A la demande des autorités, Nissan a été forcé depuis septembre dernier de conduire des inspections sur la façon dont sont ou ont été contrôlés ses véhicules, après avoir dû reconnaître que des personnes non-certifiées apposaient leur signature sur des documents de tests.

Durant cette enquête interne, sont apparues les autres pratiques répréhensibles dont le groupe a fait état lundi au ministère japonais des Transports avant de prévenir la presse.

Les véhicules, « hormis les modèles GT-R », sont cependant en eux-mêmes conformes aux normes de sécurité japonaises et leurs émissions gazeuses correspondent aux spécifications du catalogue, « ce qui signifie qu’il n’y a pas d’erreurs dans les chiffres d’économie de carburant divulgués par Nissan«  aux clients.

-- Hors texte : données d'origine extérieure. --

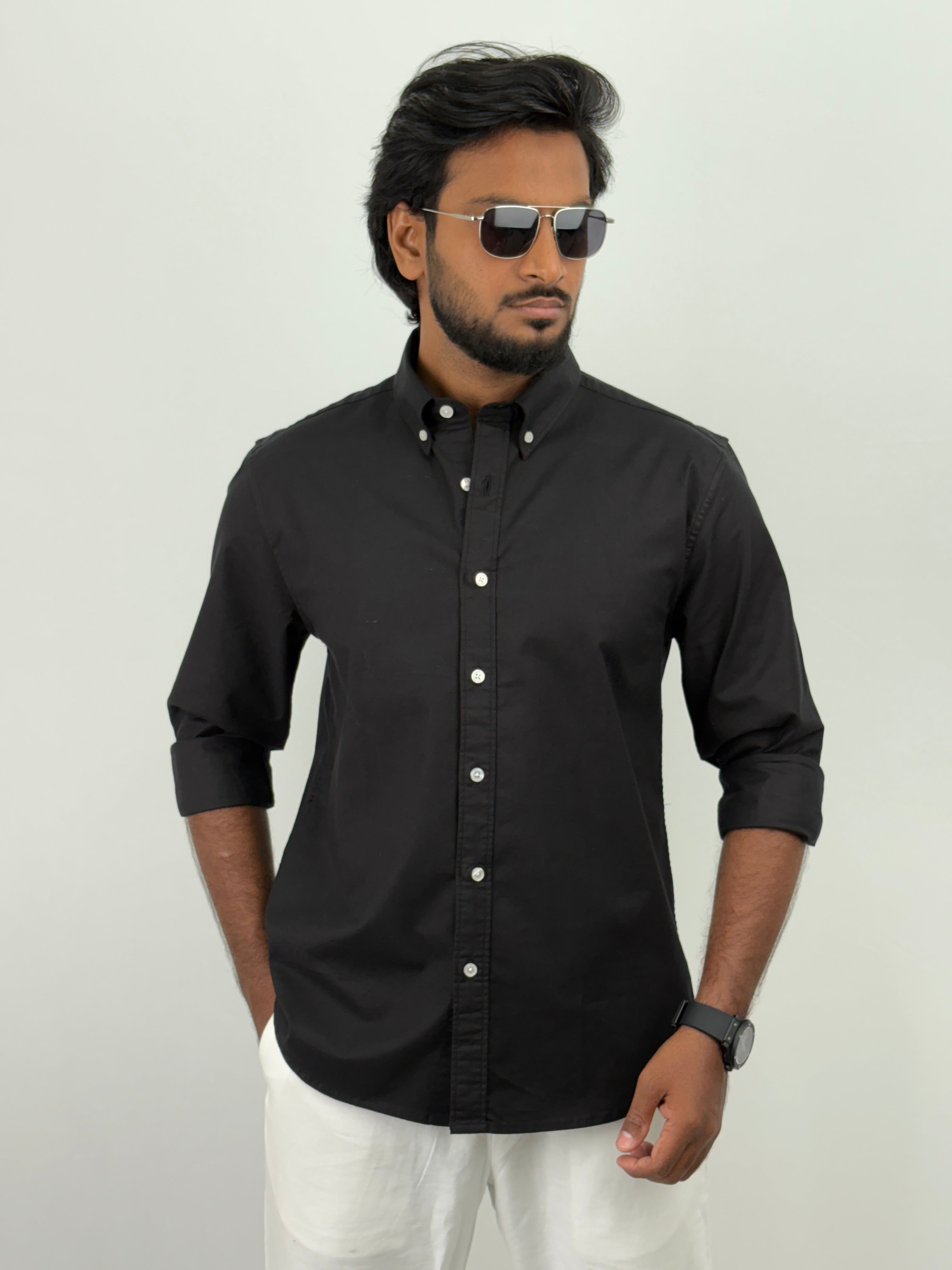 Black Elbow Patch Shirt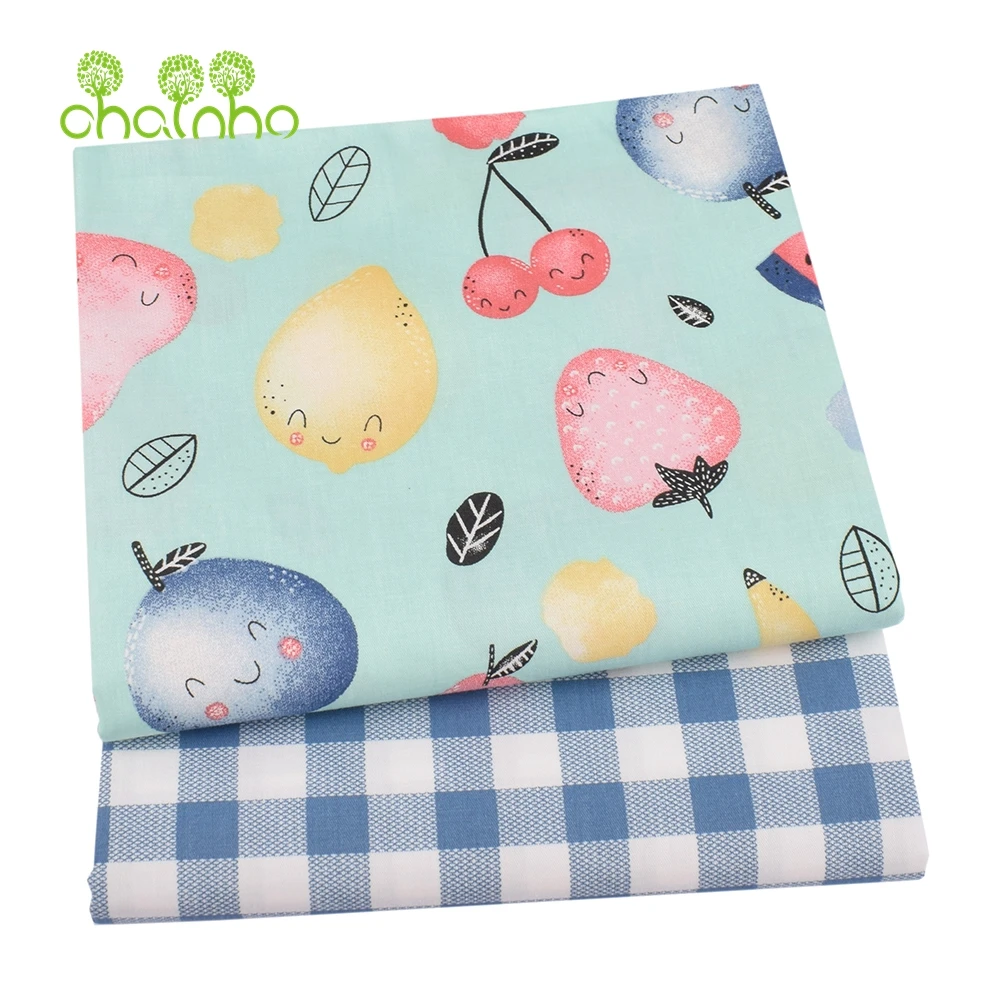 Chainho,Printed Twill Weave Cotton Fabric,DIY Sewing Quilting Material,Patchwork Cloth,6 Designs Fruit Series,2 Sizes,15C312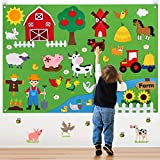 vamei Giochi Montessori Apprendimento Giocattolo Educativo Farm Fattoria Story board in feltro Giocattoli Prescolari Regalo per Bambini 3 4 5 ...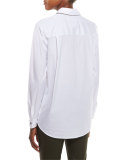 Brody Long-Sleeve Poplin Blouse, White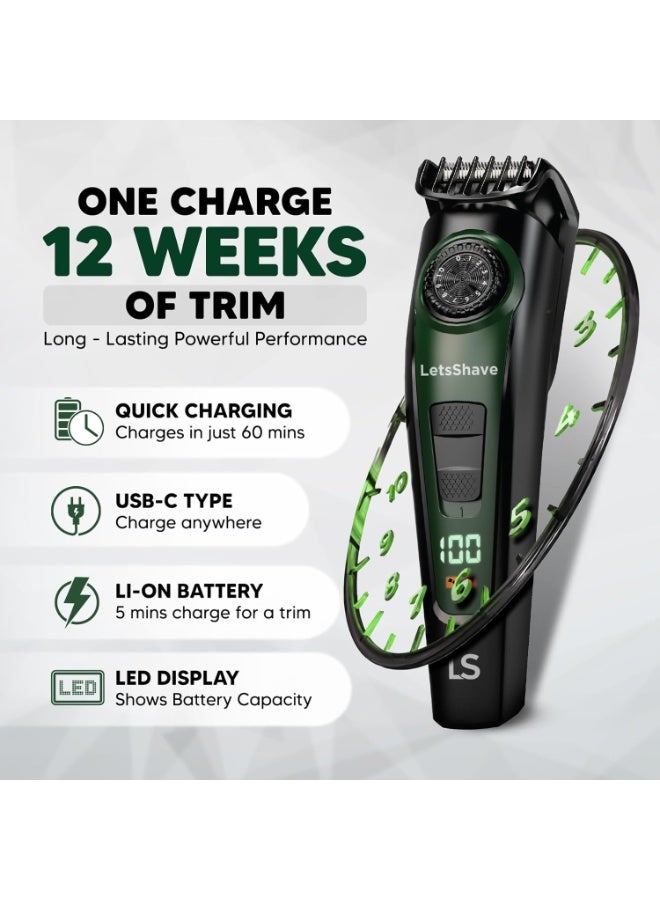LetsShave All-in-One Beard, Body & Head Trimmer for Men, 20 Precision Settings, USB-C Charging - Image 5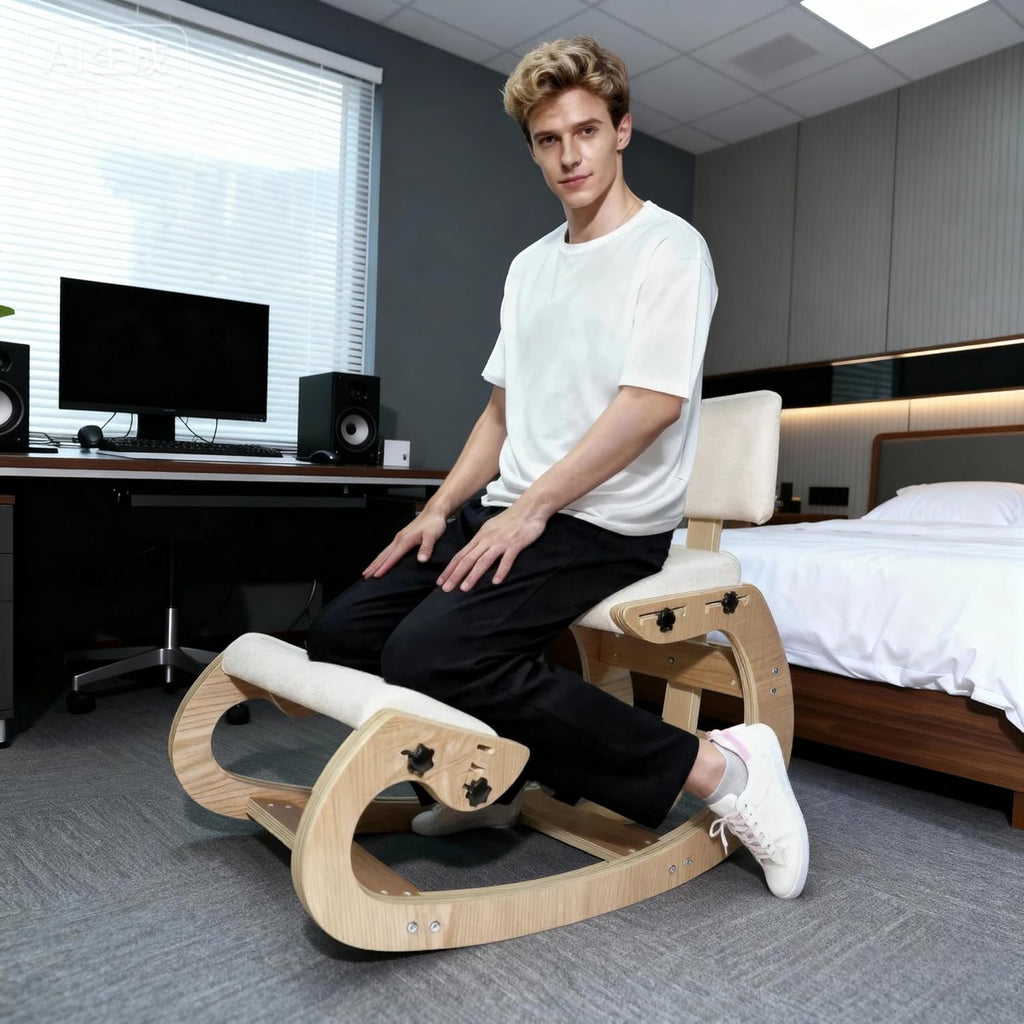 CHIESMA Ergonomic Kneeling Chair with Back Support, Adjustable Height Wooden Knee Chair - Improve Posture with an Angled Seat, with Cushion for Home,Office, Ivory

Pour le modèle de sport GT-R, Nissan n’a pas précisé dans le communiqué quel était le problème rencontré.

Le plus d’Aktu: Nissan a déjà admis en octobre dernier que des inspecteurs non agréés avaient pendant des décennies signé les certificats définitifs de modèles vendus au Japon. Le constructeur avait alors été contraint de rappeler 1,2 million de véhicules, dont la totalité de ses voitures de tourisme produites au Japon au cours des trois dernières années.